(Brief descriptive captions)
◆ ◆ ◆ ◆
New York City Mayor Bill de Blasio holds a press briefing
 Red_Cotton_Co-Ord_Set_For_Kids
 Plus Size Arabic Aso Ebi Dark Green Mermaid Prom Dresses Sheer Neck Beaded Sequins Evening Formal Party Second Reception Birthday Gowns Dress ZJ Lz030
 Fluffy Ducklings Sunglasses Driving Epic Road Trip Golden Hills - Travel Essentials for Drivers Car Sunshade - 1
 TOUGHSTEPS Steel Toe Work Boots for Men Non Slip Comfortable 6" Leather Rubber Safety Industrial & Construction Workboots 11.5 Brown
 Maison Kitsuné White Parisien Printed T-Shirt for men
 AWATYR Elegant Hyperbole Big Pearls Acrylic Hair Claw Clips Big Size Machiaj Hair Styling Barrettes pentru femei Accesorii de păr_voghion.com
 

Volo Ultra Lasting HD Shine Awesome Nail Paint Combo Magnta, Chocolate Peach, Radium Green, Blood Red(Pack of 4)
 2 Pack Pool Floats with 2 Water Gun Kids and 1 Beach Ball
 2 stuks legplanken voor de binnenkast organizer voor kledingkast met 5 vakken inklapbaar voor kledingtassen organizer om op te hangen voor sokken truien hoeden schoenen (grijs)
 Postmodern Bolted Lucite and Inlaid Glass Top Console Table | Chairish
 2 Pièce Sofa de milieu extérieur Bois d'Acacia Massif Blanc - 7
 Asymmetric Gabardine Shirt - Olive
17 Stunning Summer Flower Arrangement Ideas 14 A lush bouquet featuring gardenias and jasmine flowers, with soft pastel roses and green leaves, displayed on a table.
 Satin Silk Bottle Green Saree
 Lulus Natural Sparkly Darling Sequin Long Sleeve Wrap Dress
◆ ◆ ◆ ◆
Repeat the records word for word.

New York City Mayor Bill de Blasio holds a press briefing
 Red_Cotton_Co-Ord_Set_For_Kids
 Plus Size Arabic Aso Ebi Dark Green Mermaid Prom Dresses Sheer Neck Beaded Sequins Evening Formal Party Second Reception Birthday Gowns Dress ZJ Lz030
 Fluffy Ducklings Sunglasses Driving Epic Road Trip Golden Hills - Travel Essentials for Drivers Car Sunshade - 1
 TOUGHSTEPS Steel Toe Work Boots for Men Non Slip Comfortable 6" Leather Rubber Safety Industrial & Construction Workboots 11.5 Brown
 Maison Kitsuné White Parisien Printed T-Shirt for men
 AWATYR Elegant Hyperbole Big Pearls Acrylic Hair Claw Clips Big Size Machiaj Hair Styling Barrettes pentru femei Accesorii de păr_voghion.com
 

Volo Ultra Lasting HD Shine Awesome Nail Paint Combo Magnta, Chocolate Peach, Radium Green, Blood Red(Pack of 4)
 2 Pack Pool Floats with 2 Water Gun Kids and 1 Beach Ball
 2 stuks legplanken voor de binnenkast organizer voor kledingkast met 5 vakken inklapbaar voor kledingtassen organizer om op te hangen voor sokken truien hoeden schoenen (grijs)
 Postmodern Bolted Lucite and Inlaid Glass Top Console Table | Chairish
 2 Pièce Sofa de milieu extérieur Bois d'Acacia Massif Blanc - 7
 Asymmetric Gabardine Shirt - Olive
17 Stunning Summer Flower Arrangement Ideas 14 A lush bouquet featuring gardenias and jasmine flowers, with soft pastel roses and green leaves, displayed on a table.
 Satin Silk Bottle Green Saree
 Lulus Natural Sparkly Darling Sequin Long Sleeve Wrap Dress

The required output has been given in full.